## Information shown
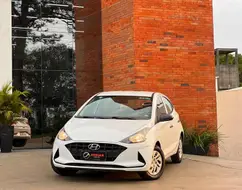 HYUNDAI HB20 1.0 12V FLEX SENSE MANUAL HYUNDAI HB20 1.0 12V FLEX SENSE MANUAL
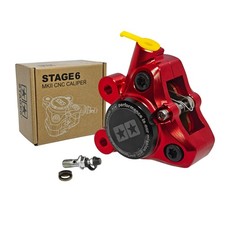 STAGE6 Front CNC Brake Caliper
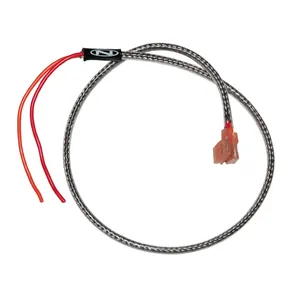 NAMZ, arnés para interruptor de freno trasero. Trenzado, 24"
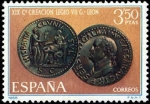 Stamps : Europe : Spain :  XIX Centenario de la Legión VII Gémina, fundadora de León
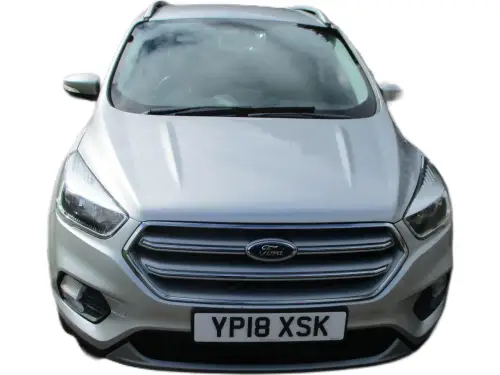 Ford Kuga YP18 XSK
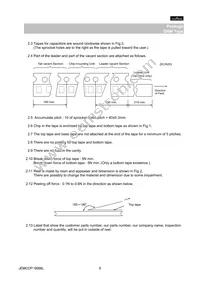 GNM1M25C1H680KD01D Datasheet Page 9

## Exercise details
The copy should hold every entry above word for word and none of the pictures.

## Output below
 HYUNDAI HB20 1.0 12V FLEX SENSE MANUAL HYUNDAI HB20 1.0 12V FLEX SENSE MANUAL
 STAGE6 Front CNC Brake Caliper
 NAMZ, arnés para interruptor de freno trasero. Trenzado, 24"
 Stamps : Europe : Spain :  XIX Centenario de la Legión VII Gémina, fundadora de León
 Ford Kuga YP18 XSK
 GNM1M25C1H680KD01D Datasheet Page 9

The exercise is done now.